7. Sebut dan jelaskan bahwa KUHP hanya mengenal subjek dan pertanggungjawaban pidana terhadap manusia, tidak terhadap korporasi. Dalam ilmu hukum pidana, gambaran tentang pelaku tindak pidana masih sering dikaitkan dengan perbuatan yang secara fisik dilakukan oleh pelaku (fysieke dader). perbuatan korporasi selalu diwujudkan melalui perbuatan manusia, maka pelimpahan pertanggungjawaban manajemen (manusia), menjadi perbuatan korporasi (badan hukum) dapat dilakukan apabila perbuatan tersebut dalam lalu lintas kemasyarakatan berlaku sebagai perbuatan korporasi. Ini yang dikenal sebagai konsep hukum tentang pelaku fungsional (functionele dader).

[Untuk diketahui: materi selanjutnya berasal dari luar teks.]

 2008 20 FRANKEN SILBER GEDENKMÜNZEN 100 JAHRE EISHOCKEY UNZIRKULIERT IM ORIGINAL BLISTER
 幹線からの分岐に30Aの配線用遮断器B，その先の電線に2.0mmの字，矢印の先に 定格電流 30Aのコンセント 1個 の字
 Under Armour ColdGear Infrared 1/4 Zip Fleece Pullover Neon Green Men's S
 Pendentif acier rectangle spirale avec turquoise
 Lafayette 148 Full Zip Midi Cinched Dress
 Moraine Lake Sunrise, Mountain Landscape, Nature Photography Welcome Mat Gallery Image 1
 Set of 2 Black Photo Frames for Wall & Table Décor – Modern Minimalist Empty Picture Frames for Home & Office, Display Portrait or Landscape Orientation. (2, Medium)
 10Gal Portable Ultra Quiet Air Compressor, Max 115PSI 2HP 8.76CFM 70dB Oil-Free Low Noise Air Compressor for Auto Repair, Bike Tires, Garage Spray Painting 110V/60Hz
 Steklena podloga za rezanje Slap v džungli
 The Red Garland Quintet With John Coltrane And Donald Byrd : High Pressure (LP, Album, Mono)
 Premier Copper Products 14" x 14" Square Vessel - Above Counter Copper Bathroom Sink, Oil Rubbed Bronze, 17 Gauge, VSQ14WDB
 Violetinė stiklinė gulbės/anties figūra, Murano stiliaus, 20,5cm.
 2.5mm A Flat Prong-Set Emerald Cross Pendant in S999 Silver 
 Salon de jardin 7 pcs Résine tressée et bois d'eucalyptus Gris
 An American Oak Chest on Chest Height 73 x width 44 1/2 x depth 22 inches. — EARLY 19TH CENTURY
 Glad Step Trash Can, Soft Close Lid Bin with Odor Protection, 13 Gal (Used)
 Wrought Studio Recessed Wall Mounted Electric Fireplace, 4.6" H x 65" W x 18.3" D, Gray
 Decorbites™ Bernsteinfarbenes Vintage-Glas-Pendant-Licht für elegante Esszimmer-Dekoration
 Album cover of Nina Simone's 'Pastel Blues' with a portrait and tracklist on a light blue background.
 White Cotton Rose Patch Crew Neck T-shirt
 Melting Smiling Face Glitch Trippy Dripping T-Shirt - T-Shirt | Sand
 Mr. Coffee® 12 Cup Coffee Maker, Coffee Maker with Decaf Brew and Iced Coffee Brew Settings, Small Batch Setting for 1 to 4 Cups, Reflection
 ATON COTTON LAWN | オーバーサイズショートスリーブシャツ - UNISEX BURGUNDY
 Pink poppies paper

8. Sebut dan jelaskan tingkat dan corak kesengajaan. Berikan contohnya Tingkat dan Corak kesengajaan : a. Kesengajaan dengan maksud untuk mencapai suatu tujuan. Dalam hal ini pembuat bertujuan untuk menimbulkan akibat yang dilarang. b. Kesengajaan dengan sadar kepastian. Dalam hal ini perbuatan berakibat yang dituju namun akibatnya yang tidak diinginkan tetapi suatu keharusan mencapai tujuan, c. Kesengajaan dengan sadar kemungkinan (dolus eventualis/ voorwaardelijk opzet). Dalam hal ini keadaan tertentu yang semula mungkin terjadi kemudian benar-benar terjadi, Contohnya : a. Pencurian yang direncanakan dan berhasil dilakukan sesuai rencana b. Membakar gudang dengan harapan diganti asuransi ternyata ada orang yang ikut terbakar di dalam gudang maka itu adalah kesengajaan c. Seorang yang mengirim makanan berniat meracuni si X tetapi yang terkena racun adalah si Z yang tinggal serumah 9. Sebut dan jelaskan secara rinci, disertai dengan contoh mengenai alasanalasan hapusnya pidana. Alasan penghapus pidana yang termasuk dalam alasan pembenar yang terdapat dalam KUHP adalah : a) Keadaan darurat (Nootoestand): Keadaan darurat merupakan bagian dari daya paksa relatif (vis compulsova) diatur dalam Pasal 48 KUHP. “Barangsiapa melakukan perbuatan karena pengaruh daya paksa, tidak dipidana.”



b) Pembelaan terpaksa (Noodweer): Diatur dalam Pasal 49 ayat (1) KUHP “ Tidak dipidana, barang siapa melakukan perbuatan pembelaan terpaksa untuk diri sendiri maupun untuk orang lain, kehormatan kesusilaan atau harta benda sendiri maupun orang lain, karena ada serangan atau ancaman serangan yang sangat dekat pada saat itu yang melawan hukum “. c) Melaksanakan ketentuan undang-undang Di atur dalam pasal 50 KUHP “Barang siapa melakukan perbuatan untuk melaksanakan ketentuan undang- undang, tidak dipidana. d) Melaksanakan perintah jabatan yang diberikan oleh penguasa yang berwenang. Diatur dalam Pasal 51 KUHP “ Barangsiapa melakukan perbuatan yang diberikan oleh penguasa yang berwenang, tidak dipidana.”